Bild: Dahinter steckte schon immer ein kluger Kopf: auf dem CDU-Bundesparteitag…
Eine Karikatur, in der ein FDP-Minister als Nazi dargestellt wird, kann man
witzig oder geschmacklos finden. Als FDP-neutral lässt sie sich kaum
bezeichnen. Nun gab es, soweit bekannt, vor Veröffentlichung dieser
Karikatur in der taz Ende März keine Whatsapp-Nachricht aus der Chefetage,
die eine Schwächung der FDP wünschte. Offensichtlich gab es aber auch keine
Nachricht, die den Abdruck untersagte, und man muss sich schon naiv geben,
will man behaupten, öffentliche Diffamierungen von Parteien nähmen nicht
auch ihre Wahlschädigung in Kauf. Lediglich die Irrelevanz der taz für
FDP-Klientel wird die Wirkung minimal gehalten haben.
Die taz-Redaktion entschuldigte sich im Nachhinein für die Karikatur, „sie
hätte so nicht erscheinen dürfen“, solche NS-Vergleiche verböten sich.
Entschuldigt hat sich auch [1][Springer-Chef Mathias Döpfner] für
durchgesickerte interne Chatnachrichten, die ihm letzte Woche um die Ohren
geflogen waren. Er zog darin verächtlich über Ostdeutsche und Angela Merkel
her und wollte die FDP auf 15 Prozent hochgeschrieben haben. In einem
Interview zur Affäre stichelte ich, ob es nicht auch Whatsapp-Chats von
taz-Redakteuren gäbe, die die FDP unter 5 Prozent wünschten, aktuell kein
hochgestecktes Ziel. Die Entrüstung war groß. Natürlich war meine Bemerkung
überspitzt. Aber dass die taz ebenso parteipolitisch tendenziös ist wie die
Welt, halt links statt rechts, kann nur bestreiten, wer seine eigene
Weltsicht für objektiv hält. Eine solche Blindheit aber wäre das
eigentliche Problem, nicht die parteipolitischen Tendenzen.
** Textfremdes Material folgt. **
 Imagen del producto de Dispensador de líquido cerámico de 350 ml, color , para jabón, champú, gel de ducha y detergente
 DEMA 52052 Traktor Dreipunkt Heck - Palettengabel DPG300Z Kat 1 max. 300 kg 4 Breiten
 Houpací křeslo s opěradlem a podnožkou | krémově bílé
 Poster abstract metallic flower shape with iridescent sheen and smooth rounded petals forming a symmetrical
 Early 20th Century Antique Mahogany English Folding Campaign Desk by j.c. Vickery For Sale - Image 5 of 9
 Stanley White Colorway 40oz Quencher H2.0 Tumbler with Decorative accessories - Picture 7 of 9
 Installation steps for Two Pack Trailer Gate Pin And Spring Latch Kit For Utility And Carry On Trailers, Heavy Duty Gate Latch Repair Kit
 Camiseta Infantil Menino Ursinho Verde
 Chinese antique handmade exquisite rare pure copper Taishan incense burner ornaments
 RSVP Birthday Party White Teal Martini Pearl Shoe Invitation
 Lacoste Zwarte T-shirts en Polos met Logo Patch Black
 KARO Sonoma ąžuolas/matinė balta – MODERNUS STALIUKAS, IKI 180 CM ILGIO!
Die Geschichte der Medien ist eine der politischen Einflussnahme. Zeitungen
entstanden eng gekoppelt an politische Vereine, erst mit Aufkommen der
Massenblätter lösten sie sich von den Parteien, ohne aber völlig ihre
parteipolitischen Nähen aufzukündigen. Und das ist gar nicht mal so
schlecht, denn es stärkte auch die Meinungspluralität. Lediglich [2][die
Öffentlich-Rechtlichen] sind klar der Überparteilichkeit verpflichtet,
privatwirtschaftliche Medienhäuser nicht.
Die Medienlandschaft um den gefallenen Engel Döpfner malte die Zeit in
ihrem „Enthüllungsartikel“ dann aber paradiesischer, als es glaubwürdig
ist. Die Ideale Friede Springers, Journalismus müsse Politik begleiten und
erklären, nie machen, parteiischer Journalismus wäre eine Rückkehr ins 19.
Jahrhundert, wirkten wie eine allgemeinverbindliche Resolution, die
obendrein von allen eingehalten wird – abgesehen von Döpfner natürlich. Die
Jungle World überparteilich? Der Cicero nicht tendenziös? Bis vor Kurzem
hätte man im linken Milieu solche Zitate der Springer-Erbin für exquisite
Heuchelei gehalten, plötzlich strahlten sie mit Heiligenschein.
## Neue Heilige des Journalismus
Es geht gewiss nicht darum, die Springer-Unternehmensführung als
vorbildlich oder Döpfner als duften Typen zu verteidigen, sondern um die
Frage, welche Art der Berichterstattung wir künftig wollen.
Erregungsjournalismus zielt auf reflexhafte Empörung der eigenen Klientel
und drapiert Altbekanntes mit twittertauglich provokanten Zitaten.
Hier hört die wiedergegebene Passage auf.